Wydana dla uczczenia 50 lat pracy Mistrza Słodowego Davida Stewarta w The Balvenie, 17-letnia DoubleWood jest bezpośrednim ulepszeniem swojego 12-letniego młodszego brata. Więcej czasu w ex-bourbonie daje głębsze aromaty dębowe i zmienia i tak już gładki słód w jedwab. Niestety, w obecnych czasach zawyżonych cen whisky i wściekłego popytu na edycje specjalne, nie powinno być dla nikogo zaskoczeniem, że sugerowana cena detaliczna 17-tki to aż 129 dolarów amerykańskich. Auć. Jeśli jednak masz na to ochotę, lub możesz ją znaleźć za mniej niż 99 dolarów, jest to prawdziwie transcendentny słód i bezpośredni postęp w stosunku do już doskonałej 12-letniej DoubleWood w każdym aspekcie.
Nozdrza: soczysta czarna wiśnia, pastylki miodu, cydr jabłkowy, lekkie wrzosowe kwiaty i bardzo słaby surowy zielony banan. Przyjemność dla nosa, z warstwami owoców i lekkim, zwiewnym słodem. Eleganckie i dopracowane, bez jakichkolwiek skaz. Odpoczynek w kieliszku uwalnia więcej świeżego banana i nuty płatków owsianych z brązowym cukrem. To jest banan, za którym mogę się opowiedzieć!
Podniebienie: Średnio cieliste. Owoce na wejściu, z cierpkimi jabłkami i wiśniami ponownie. Rozwija się w kremowe zboże i krakersy graham. Tak łatwe do picia.
Wykończenie: Trochę krótkie, ale bardzo przyjemne miodowo-słodkie nuty i trochę waniliowej dębowości. Pozostawia wrażenie jakości i finezji.
Wraz z wodą: Woda podnosi łaskotanie nosa, ale nie daje wiele więcej. No need for water with this one.
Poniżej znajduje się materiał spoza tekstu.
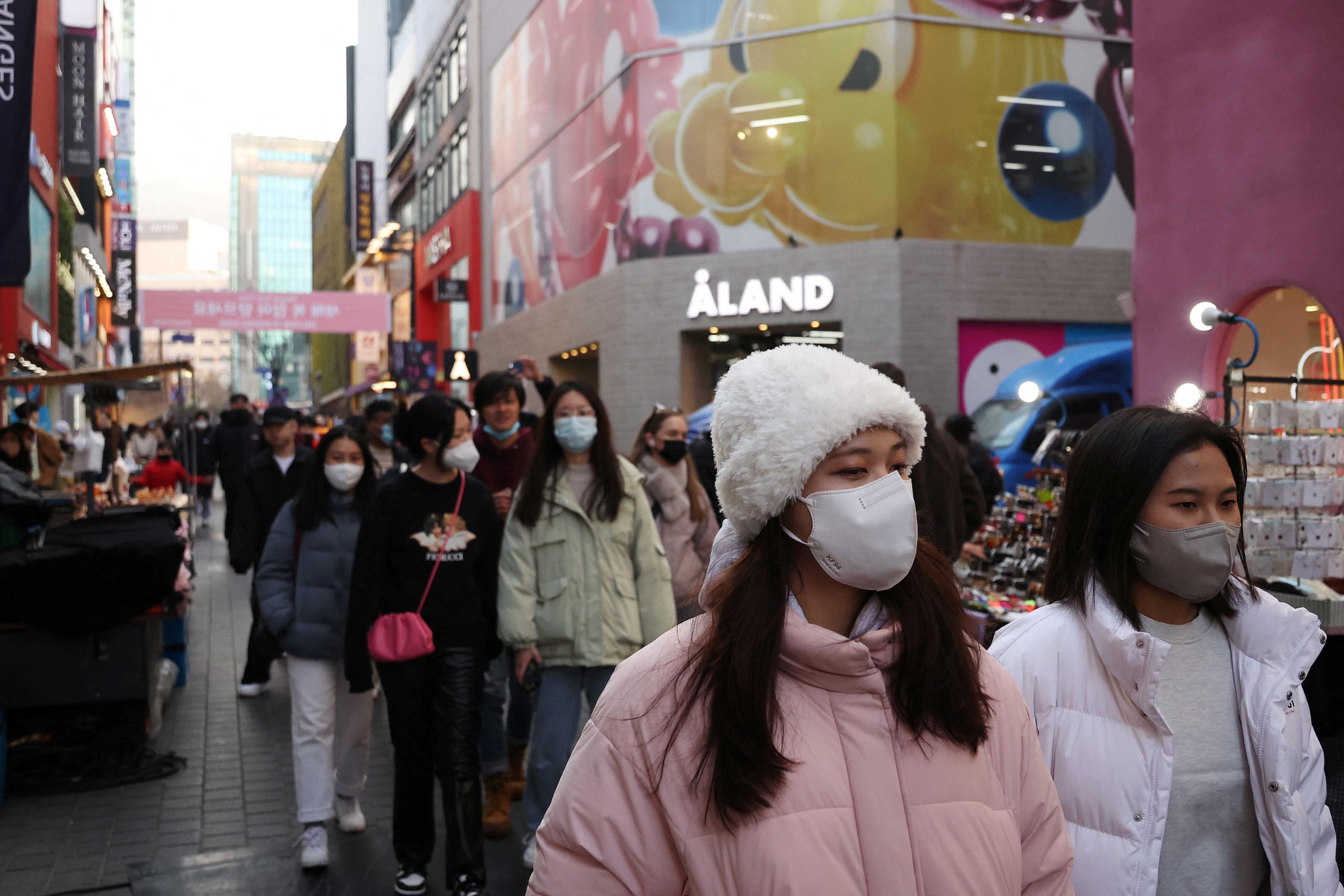 Tourists are seen at Myeongdong shopping district in Seoul, South Korea, Jan 9. Photo: Reuters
Overall: Smakuje mi jak skrzyżowanie zwykłej 12-letniej DoubleWood z 15 single-barrel. Podczas gdy dodatkowy wiek jest widoczny, w ślepej degustacji powiedziałbym, że jest w tym samym wieku co 15-latek. To powiedziawszy, mariaż eleganckiego, jasnego słodu Balvenie starzonego po bourbonie z kawalkadą świeżych, słodkich owoców z krótkiego zanurzenia w beczkach po sherry jest jak najbardziej na miejscu, podobnie jak 12 DoubleWood z nieco większą ilością wszystkiego, co czyni ją wspaniałą, nieco bardziej wyrafinowaną i z mniejszą ilością gorzkiego dębu na finiszu. Przyjemność, ale przy tym pułapie cenowym – zdecydowanie wydatek.
About The Distillery
Zbudowana przez rodzinę Grant w 1892 roku jako destylarnia siostrzana dla sąsiadującej z nią Glenfiddich, The Balvenie wciąż pozostaje w rękach rodziny. Nietypowo jak na destylarnię tej wielkości, Balvenie nadal prowadzi swoje małe słodownie, uprawia część własnego jęczmienia i posiada bednarnię na miejscu. Obecnie posiada osiem stills, które niektórzy uważają za klucz do jego orzechowego, miodowego stylu – są one grube i mają krótkie szyjki.